January 30, 2013 § Leave a comment
So this and the following week are finals weeks on our university. One of not so many privileges of fifth year students is that there are nearly no exams this year, so I am staying home, looking after parents-in-law-in-spe’s dog, and I decided to do something monumental in this extra spare time.
The first thing is working on my master’s thesis.
Another one is Ice.
This enormous retro science-fiction novel by Jacek Dukaj hasn’t been published in English yet, but I quite understand it. There are two reasons for that.
The first one is that it’s a novel about a Pole traveling East through steps of Russia to find and talk to his father, who is said to talk to the Frosts. Frosts are weather anomalies related to Ice mentioned in the title. They had appeared over Russia in 19th century and froze the History – Partitions of Poland had not ended, there was no Revolution. Ice froze not only animals, buildings or people in particular, but it froze the state of the world. The main point of reference is Poland and its complicated history, which changed considerably on the verge of 20th century, but not in the novel. It’s serves also as a metaphor of never-changing Russia frozen under Syberian snows.
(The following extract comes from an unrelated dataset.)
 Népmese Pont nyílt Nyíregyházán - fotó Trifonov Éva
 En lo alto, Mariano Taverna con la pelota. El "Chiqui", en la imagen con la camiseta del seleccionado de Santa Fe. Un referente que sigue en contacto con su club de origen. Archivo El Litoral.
Another reason is in the language. Dukaj got so immersed in adopting the style of 19th century novel, that he stretched Polish to the extent nearly causing a deadly break. I can’t imagine it translated to English. So much would be lost that it would question the point of translation.
Curious thing is that outside the window it’s around three degrees now, but only two days ago it was minus fifteen. If cold is what stops the history from turning, what’s going to happen now?